In a computer information related to the different application, software etc are stored separately and only that particular application or software is allowed to access it, this includes critical operating system data as well. But Meltdown vulnerability breaks down this most basic isolation(wall) between a user application and operating system, hence allowing any user program to access all the data without any restriction, thereby revealing all the secrets of other software and applications.
Spectre vulnerability is a little different from Meltdown.
Spectre breaks the isolation(wall) between different applications, allowing application A to trick application B to share its data with A. It is found that if the application B follows all the security checks currently popular, it will only increase the chances of Spectre attack. But to our relief, it is very difficult to initiate a Spectre attack, but if launched, there is currently no way to safeguard World computing devices from it.
Is there a Fix?
No, there is no fix for Spectre, you heard me right, while all the Operating System companies are rolling out software patches for Meltdown, Spectre cannot be fixed without making hardware changes at the chip level.

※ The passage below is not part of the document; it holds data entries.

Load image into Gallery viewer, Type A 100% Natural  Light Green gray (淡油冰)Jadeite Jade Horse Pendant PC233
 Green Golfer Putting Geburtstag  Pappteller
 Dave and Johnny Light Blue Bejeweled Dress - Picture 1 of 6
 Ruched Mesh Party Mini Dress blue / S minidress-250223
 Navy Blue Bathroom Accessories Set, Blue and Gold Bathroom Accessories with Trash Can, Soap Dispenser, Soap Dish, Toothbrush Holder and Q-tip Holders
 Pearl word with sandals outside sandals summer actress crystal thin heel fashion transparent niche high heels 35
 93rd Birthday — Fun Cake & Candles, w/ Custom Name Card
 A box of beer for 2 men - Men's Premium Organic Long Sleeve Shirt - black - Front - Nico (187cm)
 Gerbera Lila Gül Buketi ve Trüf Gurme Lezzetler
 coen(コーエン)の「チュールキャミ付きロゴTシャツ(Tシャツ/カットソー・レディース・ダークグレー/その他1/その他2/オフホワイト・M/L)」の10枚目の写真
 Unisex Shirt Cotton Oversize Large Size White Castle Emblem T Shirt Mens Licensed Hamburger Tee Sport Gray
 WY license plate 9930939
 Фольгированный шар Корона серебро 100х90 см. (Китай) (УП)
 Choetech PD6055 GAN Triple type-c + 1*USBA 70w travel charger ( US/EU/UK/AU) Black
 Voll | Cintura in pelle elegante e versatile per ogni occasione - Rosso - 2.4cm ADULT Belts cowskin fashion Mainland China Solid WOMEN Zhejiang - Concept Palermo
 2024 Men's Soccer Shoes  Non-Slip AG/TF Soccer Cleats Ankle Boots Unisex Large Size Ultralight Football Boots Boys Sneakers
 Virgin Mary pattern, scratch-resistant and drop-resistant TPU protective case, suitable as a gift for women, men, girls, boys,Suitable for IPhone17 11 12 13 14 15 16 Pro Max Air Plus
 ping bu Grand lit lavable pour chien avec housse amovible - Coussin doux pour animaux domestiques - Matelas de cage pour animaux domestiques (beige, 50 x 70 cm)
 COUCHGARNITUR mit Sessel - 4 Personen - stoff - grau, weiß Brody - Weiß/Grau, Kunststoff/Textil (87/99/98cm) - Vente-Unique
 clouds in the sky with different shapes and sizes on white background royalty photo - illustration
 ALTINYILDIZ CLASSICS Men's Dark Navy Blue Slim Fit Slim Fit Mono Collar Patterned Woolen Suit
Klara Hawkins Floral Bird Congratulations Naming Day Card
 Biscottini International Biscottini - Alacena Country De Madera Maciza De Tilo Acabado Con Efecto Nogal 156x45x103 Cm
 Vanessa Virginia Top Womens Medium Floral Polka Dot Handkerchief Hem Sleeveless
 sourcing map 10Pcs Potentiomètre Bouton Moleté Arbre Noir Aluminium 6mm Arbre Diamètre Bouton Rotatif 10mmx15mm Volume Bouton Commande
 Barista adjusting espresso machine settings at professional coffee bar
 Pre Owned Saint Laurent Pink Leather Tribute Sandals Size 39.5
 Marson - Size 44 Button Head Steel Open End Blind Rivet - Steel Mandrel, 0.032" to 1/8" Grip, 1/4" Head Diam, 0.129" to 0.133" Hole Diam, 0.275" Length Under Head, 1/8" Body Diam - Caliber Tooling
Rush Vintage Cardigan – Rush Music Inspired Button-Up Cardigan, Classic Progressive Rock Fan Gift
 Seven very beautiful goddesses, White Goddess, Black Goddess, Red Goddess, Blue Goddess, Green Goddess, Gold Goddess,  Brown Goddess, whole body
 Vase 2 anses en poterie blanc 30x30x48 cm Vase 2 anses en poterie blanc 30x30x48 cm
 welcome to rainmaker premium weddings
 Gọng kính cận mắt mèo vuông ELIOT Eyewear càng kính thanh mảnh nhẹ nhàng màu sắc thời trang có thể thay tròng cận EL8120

Also the fix which are being rolled out, will slow down the computing devices by about 30%, which is a huge setback in terms of computing speed.
Today Apple announced, that all the Apple devices are affected by these bugs.
Microsoft has already started rolling out Software patches for their Windows operating system.
As Meltdown vulnerability is said to be more dangerous for Cloud computing services like Amazon Web Services, Microsoft Azure etc, hence these companies are also working towards a fix.
Amazon announced in a company press release that these issues have been around for the last 20 years, still, no one knew or exploited them because it's very hard for someone to exploit these backdoors.
What actually happened? Timeline of events
Google researchers discovered a few vulnerabilities in semiconductors in June and reported them to chip maker companies Intel, AMD etc. Intel, AMD and all other chipmakers accepted that their chips were affected by these issues. Thereafter, the researchers started working with these companies to fix the issue. All the major operating system companies were informed and were asked to work on software patches to fix the issue before making any public announcement.
All the major companies were supposed to release a coordinated press release next week, which is the second week of January, but The Register posted about it today and Michael Schwarz tweeted a video to use the Meltdown exploit. You can check all the details including the White papers on these issues on meltdownattack.com website.
Who is affected the most?
Did I not mention, every computing device is affected by this. Although if we want to talk about someone who is most affected, it is the market leading chip maker Intel. Intel chips, including other chipsets, are prone to these bugs. And as these bugs are found at the core microprocessor level, hence who is to blame? Yes, the chip makers.
Intel's share value is down, it is even reported that Intel's CEO sold the majority of his share when the news of these issues broke out.
How can you safeguard your data?
As of now, avoid visiting malicious websites, and do not download or install any 3rd party software or application that you do not trust.
Keep a close eye on the software updates (operating system) and install it as soon as you get one because all the companies like Microsoft, Android(Google), Apple are releasing software patched to fix Meltdown issue.
What if Intel knew about this since the beginning?
Then it will be the biggest scam of all time. All the computers in this world are affected by this, do you even understand what this means. We all know how dependent we are on our computers. I am writing this post using my Laptop. This is the biggest Christmas gift for Hackers.
Be safe, and keep your Computer safe.